The Bridal Day—Ceremony of Acceptance—The Crowd—The Kislar Agha and the Court Astrologer—Order of the Procession—The Russian Coach—The Pasha and the Attachés—The Seraskier—Wives of the Pashas—The Sultan and the Georgian Slave.

The morrow was the bridal day, when the fortunate Saïd Pasha was to receive his Imperial Bride beneath his own roof, and to look upon her for the first time. As yet he had not had even a glimpse of her through her yashmac, their only interview having taken place on his arrival from the Dardanelles, when he had been summoned to the palace to throw himself at her feet, and to return thanks for the honour she was about to confer upon him. This interview, if such indeed a meeting may be termed in which one of the parties only has a sight of the other, is one of the ceremonies à la rigeur in the Imperial marriages of the East.

The bridegroom elect is led into a room, at whose upper extremity a door stands ajar; and behind this sits the lady splendidly habited, and surrounded by a train of slaves. A small portion of her embroidered antery is suffered to pass the opening of the door; and a side lattice, veiled with thin gauze, enables her to take a view of her suitor as he approaches; which he does slowly, and upon his knees, the whole length of the apartment. On arriving near the “Door of Light” that conceals the Princess, he thrice bows his forehead to the earth, ere he ventures to implore a ratification of his hopes. The officious Kislar Agha replies for the bride; and after a second prostration, the Pasha returns thanks “in a neat speech;” and with the permission of the same personage, he then raises to his lips the hem of the Imperial garment, and retires in the same humble posture in which he entered.

The on dit at the Palace whispered the disappointment of the bride on the present occasion, that the choice of her Imperial father had not fallen on Mustapha Pasha of Adrianople, whom she had once seen by accident, and by whose personal beauty she had been much attracted. It is, nevertheless, possible that this glimpse of her destined bridegroom reconciled her to her destiny; for, as it is the appearance only to which Turkish females generally attach any importance in their husbands, the young Pasha of the Dardanelles could safely compete with all his rivals, being really a very handsome and intelligent-looking person.

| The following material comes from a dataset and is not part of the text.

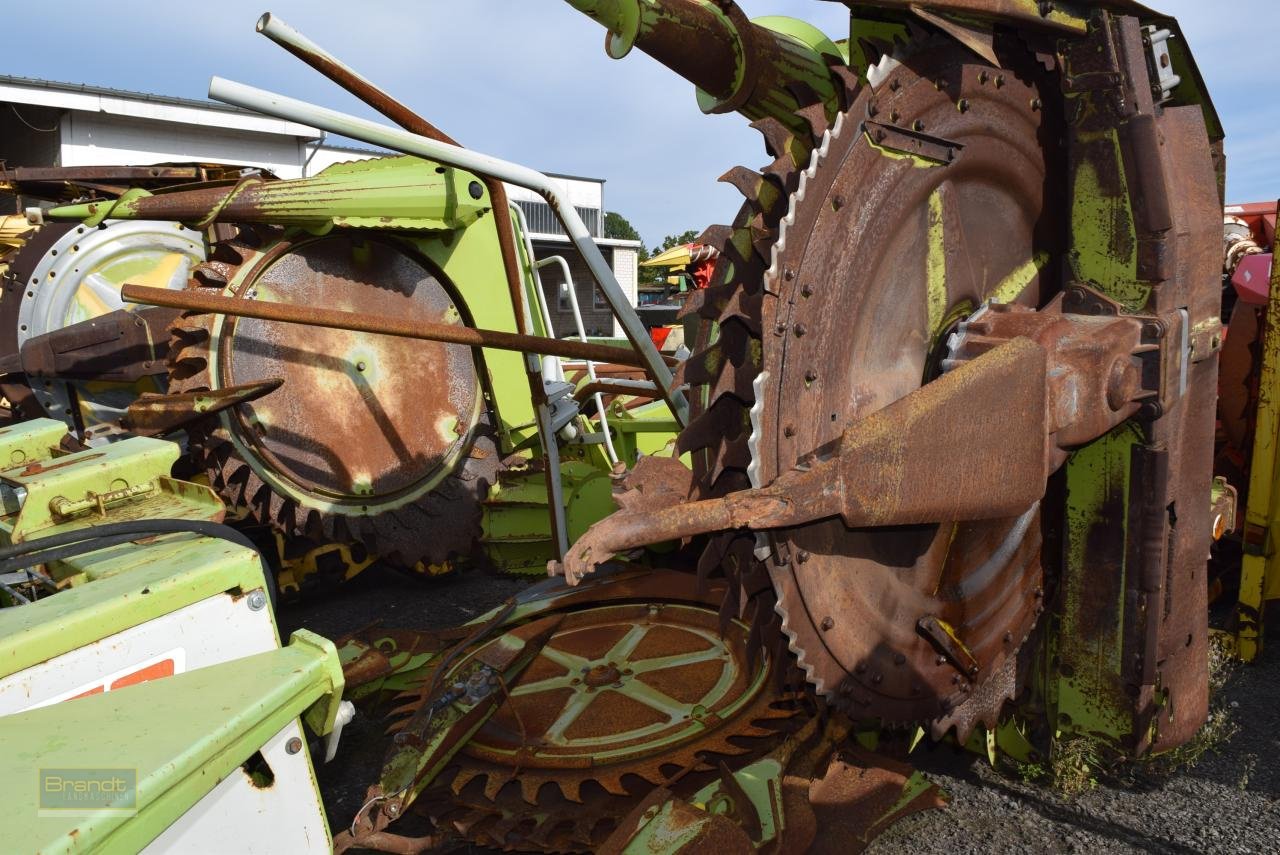 Maisgebiß des Typs CLAAS RU 450, Gebrauchtmaschine in Oyten (Bild 2)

Had I not known that such a thing was altogether impossible, I should have said, when I pulled up my panting horse on the height above the palace, that the same groups occupied the same spots where I had seen them on the previous day. The scene did not appear to have altered in a single feature. I saw the same smiling faces, and received the same kindly greetings; laughed at the same dirty, stupid-looking sentinels, and bought a cool draught from the same water-vender for a twenty para piece; and, altogether, I had some difficulty in persuading myself that I had really talked politics with a hot-headed Englishman, theology with a Greek Papas, and nonsense with a Sardinian Secretary, and moreover had slept through a long night, since I last stood upon that sunny hill, and looked far and wide upon the same wilderness of human beings.